Allí no se les llamaba personas. Se les nombraba errores, aberraciones, castigos de la naturaleza.
Cuando alguno era descubierto, no había juicios ni segundas oportunidades. La muerte llegaba en silencio, escondida entre rumores, miradas esquivas y tumbas sin nombre.
Nadie preguntaba. Nadie lloraba.
El pueblo aprendió a olvidar rápido.
Fue a ese lugar donde llegó un doctor "beta", portando una bata blanca y una sonrisa contenida, enviado para brindar atención médica a los pueblerinos.Para ellos, su presencia fue un alivio. Para él, una sentencia que aún no sabía si podría eludir.
Nadie sospechó de su presentación.
Nadie dudó de su aroma neutro, cuidadosamente oculto. Nadie notó la tensión constante en su cuerpo, el temor escondido tras cada respiración medida.

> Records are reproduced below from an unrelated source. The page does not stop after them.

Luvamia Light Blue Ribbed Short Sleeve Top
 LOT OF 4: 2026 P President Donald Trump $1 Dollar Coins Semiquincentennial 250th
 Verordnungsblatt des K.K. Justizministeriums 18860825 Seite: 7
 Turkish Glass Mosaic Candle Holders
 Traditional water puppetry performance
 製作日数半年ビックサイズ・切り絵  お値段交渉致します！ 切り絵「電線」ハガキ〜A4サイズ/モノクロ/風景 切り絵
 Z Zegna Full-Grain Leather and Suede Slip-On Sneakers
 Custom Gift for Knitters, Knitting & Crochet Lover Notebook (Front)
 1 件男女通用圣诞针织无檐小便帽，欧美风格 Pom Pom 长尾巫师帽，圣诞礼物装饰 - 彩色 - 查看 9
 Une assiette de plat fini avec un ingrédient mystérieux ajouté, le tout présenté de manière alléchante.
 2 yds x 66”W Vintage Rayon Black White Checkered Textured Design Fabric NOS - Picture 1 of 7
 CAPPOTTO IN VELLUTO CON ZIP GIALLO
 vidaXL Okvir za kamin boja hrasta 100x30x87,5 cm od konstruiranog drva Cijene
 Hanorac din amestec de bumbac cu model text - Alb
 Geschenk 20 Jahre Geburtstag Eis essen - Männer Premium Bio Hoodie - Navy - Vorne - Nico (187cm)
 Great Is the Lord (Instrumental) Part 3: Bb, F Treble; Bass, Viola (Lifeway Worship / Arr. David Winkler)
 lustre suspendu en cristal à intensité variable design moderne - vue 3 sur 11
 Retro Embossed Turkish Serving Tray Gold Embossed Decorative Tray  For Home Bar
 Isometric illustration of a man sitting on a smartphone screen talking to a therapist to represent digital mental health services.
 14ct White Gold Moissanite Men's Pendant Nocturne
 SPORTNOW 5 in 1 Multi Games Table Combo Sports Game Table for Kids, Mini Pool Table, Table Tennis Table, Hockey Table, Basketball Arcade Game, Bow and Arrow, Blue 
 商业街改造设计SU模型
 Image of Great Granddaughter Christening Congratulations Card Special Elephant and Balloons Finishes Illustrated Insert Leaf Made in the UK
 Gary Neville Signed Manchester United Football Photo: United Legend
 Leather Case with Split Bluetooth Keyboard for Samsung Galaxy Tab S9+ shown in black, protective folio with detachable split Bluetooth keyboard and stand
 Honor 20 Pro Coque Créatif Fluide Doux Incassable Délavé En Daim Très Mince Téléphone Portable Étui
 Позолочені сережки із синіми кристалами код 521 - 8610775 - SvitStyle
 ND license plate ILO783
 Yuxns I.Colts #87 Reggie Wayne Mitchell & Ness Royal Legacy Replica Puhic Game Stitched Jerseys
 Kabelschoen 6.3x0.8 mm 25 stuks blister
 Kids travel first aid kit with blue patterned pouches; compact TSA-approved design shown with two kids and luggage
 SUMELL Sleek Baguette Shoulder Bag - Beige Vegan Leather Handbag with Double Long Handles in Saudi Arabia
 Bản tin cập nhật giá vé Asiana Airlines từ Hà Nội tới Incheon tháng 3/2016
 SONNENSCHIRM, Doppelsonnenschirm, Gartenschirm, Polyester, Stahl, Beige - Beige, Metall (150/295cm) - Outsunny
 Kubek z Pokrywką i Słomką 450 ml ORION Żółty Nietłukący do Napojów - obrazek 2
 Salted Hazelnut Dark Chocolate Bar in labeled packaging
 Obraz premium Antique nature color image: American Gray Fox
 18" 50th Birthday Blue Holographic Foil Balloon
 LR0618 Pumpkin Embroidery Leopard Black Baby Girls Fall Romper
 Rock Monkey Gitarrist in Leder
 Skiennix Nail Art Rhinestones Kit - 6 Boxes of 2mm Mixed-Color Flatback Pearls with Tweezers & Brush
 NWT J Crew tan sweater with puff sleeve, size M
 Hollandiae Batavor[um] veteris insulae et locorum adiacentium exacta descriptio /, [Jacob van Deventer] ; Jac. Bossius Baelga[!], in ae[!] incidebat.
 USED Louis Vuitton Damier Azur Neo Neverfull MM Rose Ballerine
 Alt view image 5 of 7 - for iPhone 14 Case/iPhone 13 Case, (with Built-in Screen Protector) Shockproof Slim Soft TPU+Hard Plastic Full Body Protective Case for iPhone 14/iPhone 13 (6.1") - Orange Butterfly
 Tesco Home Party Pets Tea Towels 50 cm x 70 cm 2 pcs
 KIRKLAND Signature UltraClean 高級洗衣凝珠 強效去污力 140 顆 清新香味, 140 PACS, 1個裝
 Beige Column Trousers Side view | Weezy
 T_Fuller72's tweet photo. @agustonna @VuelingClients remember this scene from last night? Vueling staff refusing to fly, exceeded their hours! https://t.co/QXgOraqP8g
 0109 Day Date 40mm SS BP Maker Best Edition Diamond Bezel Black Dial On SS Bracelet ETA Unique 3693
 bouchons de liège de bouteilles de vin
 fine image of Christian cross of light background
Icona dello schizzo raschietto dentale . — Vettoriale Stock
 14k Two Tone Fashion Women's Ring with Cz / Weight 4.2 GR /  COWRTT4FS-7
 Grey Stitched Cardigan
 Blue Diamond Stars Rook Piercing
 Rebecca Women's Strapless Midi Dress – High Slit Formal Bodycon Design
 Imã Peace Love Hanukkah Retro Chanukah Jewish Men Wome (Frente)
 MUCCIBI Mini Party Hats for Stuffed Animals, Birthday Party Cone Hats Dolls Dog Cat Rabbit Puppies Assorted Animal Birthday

Porque aquel "beta" cargaba con el secreto más peligroso que podía existir en ese pueblo. Bajo la bata blanca latía el cuerpo de aquello que más odiaban. Un omega hombre
Desde el primer paso que dio sobre esas calles polvorientas, entendió que no se trataba solo de curar heridas o aliviar enfermedades.Debía aprender a callar.
A observar.
A fingir.
Un aroma fuera de control.
Un ciclo mal oculto.
Un error mínimo.
Cualquiera de esas cosas bastaría para condenarlo. En ese pueblo, la ignorancia no protegía a nadie.La bondad tampoco.
Y mientras las noches se volvían más largas y los susurros más cercanos, el doctor comenzó a comprender que no todos los males podían curarse con medicina.
Algunos nacían del odio. Otros, del deseo.
Porque incluso escondido tras una mentira, su cuerpo recordaba lo que era. Recordaba lo que deseaba.
"Rogaba por esos sueños pecaminosos."